/---

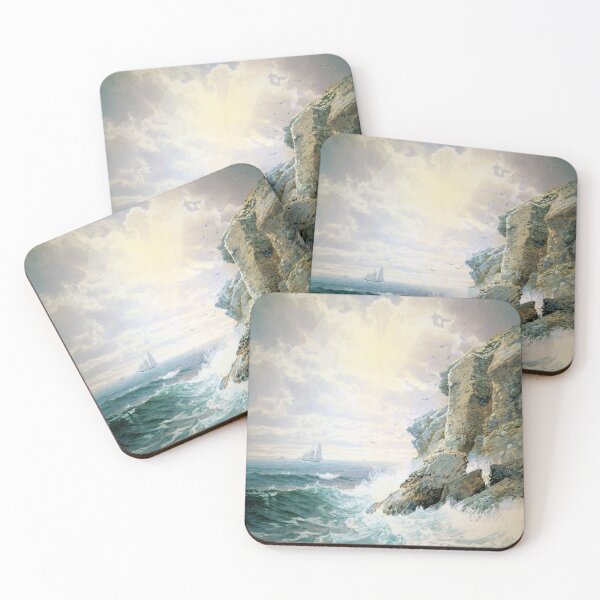 Item preview, 'Purgatory Cliff' by American Artist William Trost Richards, 1876. designed and sold by PalisadeVistas.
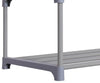 Contemporary Stackable Shoe Stand, Metal, 4-Tier Perfect for Space-Saving, Grey DL Contemporary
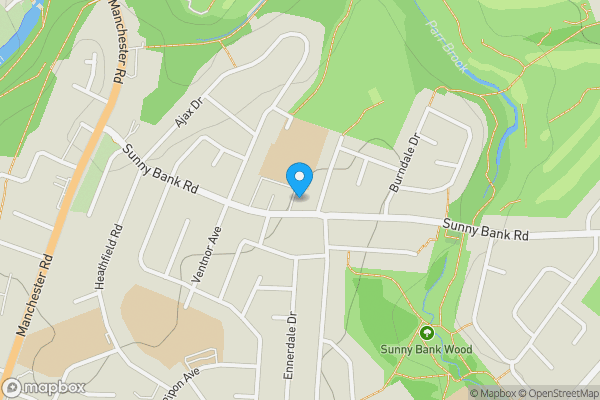 Map location for Sunny Bank Clinic, Sunny Bank Road, Bury, Lancashire BL9 8EB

\---

> WHAT IS REQUIRED: Copy out, with no pictures, the lines from the one containing "Contemporary Stackable Shoe" through the last line of the data above, both ends included and each word unchanged.

> RESPONSE FOR THIS EXERCISE:
 Contemporary Stackable Shoe Stand, Metal, 4-Tier Perfect for Space-Saving, Grey DL Contemporary
 Map location for Sunny Bank Clinic, Sunny Bank Road, Bury, Lancashire BL9 8EB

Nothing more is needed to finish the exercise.